Coleridge’s Ancient Mariner and Poe’s Maelstrom

Without static you have no continuity. (Theatre and the Visual Arts, 1971)

In a succinct note in the (since defunct) Poe Newsletter, Margaret J. Yonce detailed many of the parallels between Coleridge’s Rime of the Ancient Mariner and Poe’s Descent into the Maelstrom. Both are epyllia which unfold as tales told within a tale. Both are accounts of harrowing events at sea. In both only a single individual of an original ship’s crew survives the experience, or series of experiences, to which their crafts are exposed. Both mariners are rendered unrecognizable by their ordeal. And both are delivered from it by an unlikely mode of conveyance that is super-natural (in Coleridge) or seemingly contra-natural (in Poe).

The ultimate homecoming of Coleridge’s mariner is depicted in a way which could have served as an outline for Poe’s tale:

…a sound was heard.
Under the water it rumbled on,
Still louder and more dread :
It reach’d the ship, it split the bay;
The ship went down like lead.
Stunned by that loud and dreadful sound,
Which sky and ocean smote,
Like one that hath been seven days drown’d
My body lay afloat;
But swift as dreams, myself I found
Within the Pilot’s boat.
Upon the whirl, where sank the ship,
The boat spun round and round;
And all was still…

John Livingston Lowes‘ Road to Xanadu (1927) is an investigation of Coleridge’s imagination as it worked to compose The Rime of the Ancient Mariner.
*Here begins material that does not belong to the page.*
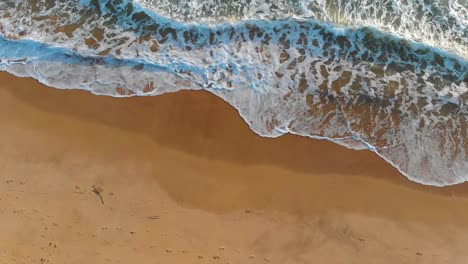 waves crashing on a beach in the portuguese shore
In it, a further highly important relationship of Poe’s Maelstrom to Coleridge’s Mariner, one not noted by Yonce, may be seen. As Lowes points out:

The [ancient mariner’s] ship is at the Equator twice. It crosses it in the Atlantic sailing south, and the equatorial calms of the Pacific are the stage for half the action of the story (…) the course [is] from Equator to Equator round the Horn (115, 122)

If ‘south’ is conceived as ‘down’, as it is on our usual maps and globes, Coleridge’s mariner descends from the Equator in the Atlantic and then ascends again back to the Equator in the Pacific.  This he does in a linear movement on the surface of the sea, horizontally. What Poe does is to present the same figure in the depths of the sea, vertically,  His mariner also descends and ascends, but he does so in place — within the vortex of the Maelstrom

Both tales describe complications of space. Both describe utterly differing regions which are yet accessible to each other — although only with life-threatening difficulty. The ancient mariner faces extreme cold and too much wind, and then extreme heat and too little wind.  Poe’s mariner encounters the strange physics of the whirlpool. These conditions are remarkable both in themselves and in their terrible proximity to the normal conditions at sea from which both set out and to which both finally return.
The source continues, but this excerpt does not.